A Texas-based financial advisor has been found guilty of a scheme that involved murdering his client, according to the Department of Justice.
After a one-week jury trial, Keith Todd Ashley was found guilty of wire fraud, mail fraud, carrying a firearm in relation to a crime of violence and bank fraud, according to the DOJ. The federal trial followed Ashley's indictment in state court for murder last year.
Ashley was a financial advisor with Parkland Securities for approximately 18 years, according to his BrokerCheck profile, and also worked as a registered nurse, life insurance agent and owner of a brewery (he was fired from the firm in 2020 and is the subject of a pending FINRA investigation).
During the course of the scheme, Ashley had gone “to great lengths to defraud clients that trusted him,” according to U.S. Attorney Brit Featherston, who called him a “depraved criminal.”
According to the original indictment, Ashley had been defrauding clients for years by soliciting them to buy into unit investment trusts with guaranteed returns, but instead would keep portions of the raised funds for his own use, including spending on his fledgling brewery, at casinos, and credit card, mortgage, student loan and college tuition payments, and other expenses.
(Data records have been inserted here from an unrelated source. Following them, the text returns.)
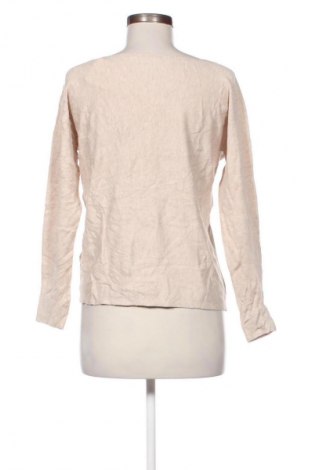 Dámská halenka Unbranded, Velikost M, Barva Béžová, Cena  59,00 Kč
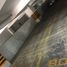 196 m² Office for rent in Alvaro Obregon, Mexico City, Alvaro Obregon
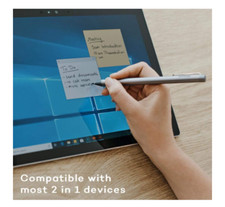 Wacom Bamboo Ink-Active Stylus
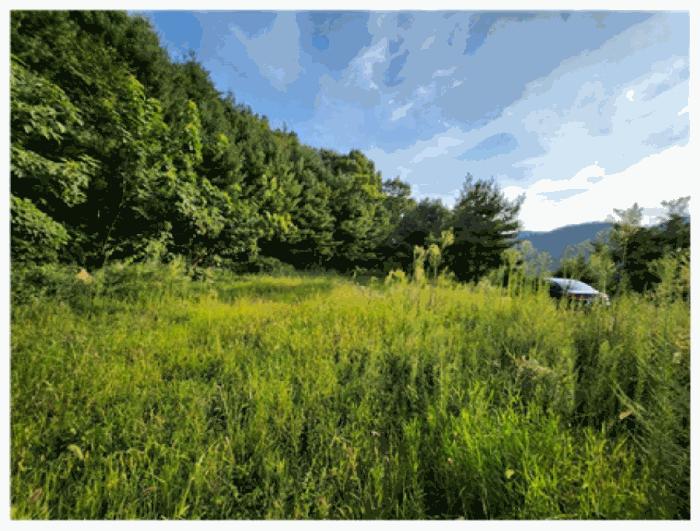 충청남도 천안시 동남구 목천읍 지산리 128-3 법원경매 물건 대표사진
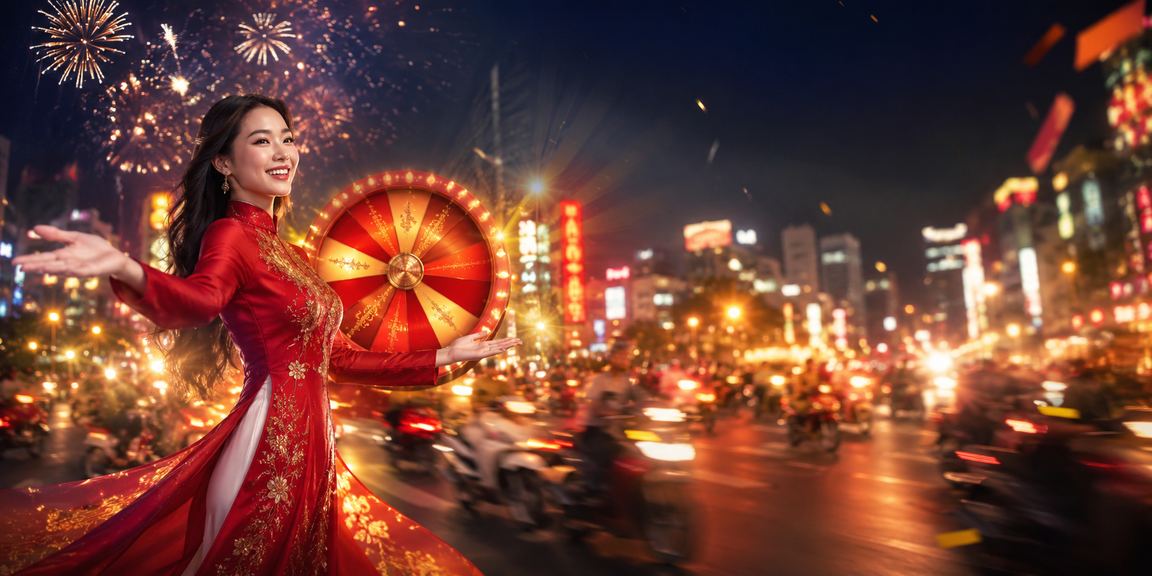 Trải nghiệm cược Roulette tại k42 ở TP Hồ Chí Minh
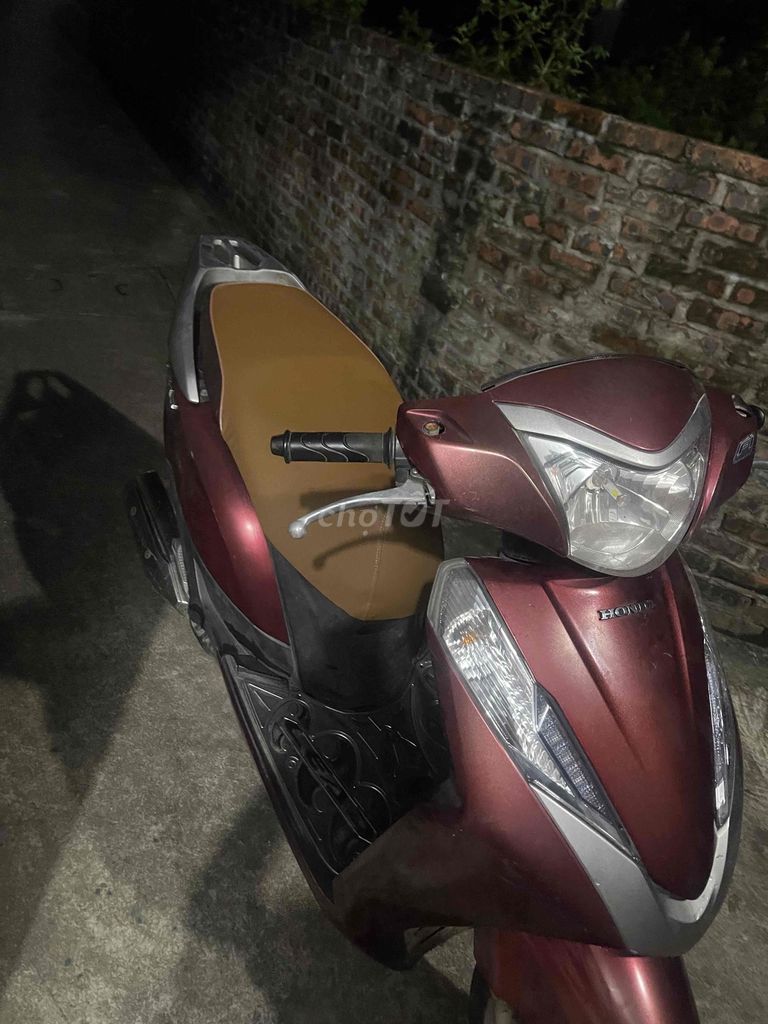 bán xe lead biển tỉnh 2016 do nhà thừa xe. Mua bán Xe máy tại Huyện Thường Tín Hà Nội được đăng bởi An hình 9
In total, Ashley had raised more than $1.3 million in investor funds as a result of the schemes.
According to the Fort Worth Star-Telegram, one such client was Ashley’s friend James Seegan. Ashley eventually tried to change the beneficiary of Seegan’s life insurance policy to a trust Ashley controlled.
On Feb. 19, 2020, Seegan was found dead in his home with a handgun in his left hand (though Seegan’s wife told police he was right-handed), with a typed suicide note, including that Ashley would “help” Seegan’s wife, according to reporting from the Star-Telegram. Upon investigating, detectives found video footage showing Ashley had visited Seegan’s house that day, leaving after an hour but returning a few minutes later.
Ashley was reportedly the only person to visit until Seegan’s wife found her dead husband later that day. The cops also ran drug screen tests on Seegan, finding he had Etomidate in his system, which is an anesthetic agent used by medical professionals that can quickly knock someone out, according to the Star-Telegram.
Police determined Ashley had killed Seegan and tried to make it look like a suicide, the Star-Telegram reported.
According to the Justice Department, Ashley still tried to collect on the life insurance policy, transferred funds from Seegan’s bank account to himself, and even tried to get a copy of Seegan’s autopsy report.
“By plotting and causing the death of one client to steal his money, Ashley committed the ultimate betrayal of trust and decency and the jury saw Ashley for who he is, a con-artist who would go so far as murder to get what he wanted,” Featherston said.
Ashley faces life in prison as a result of the conviction, according to the DOJ.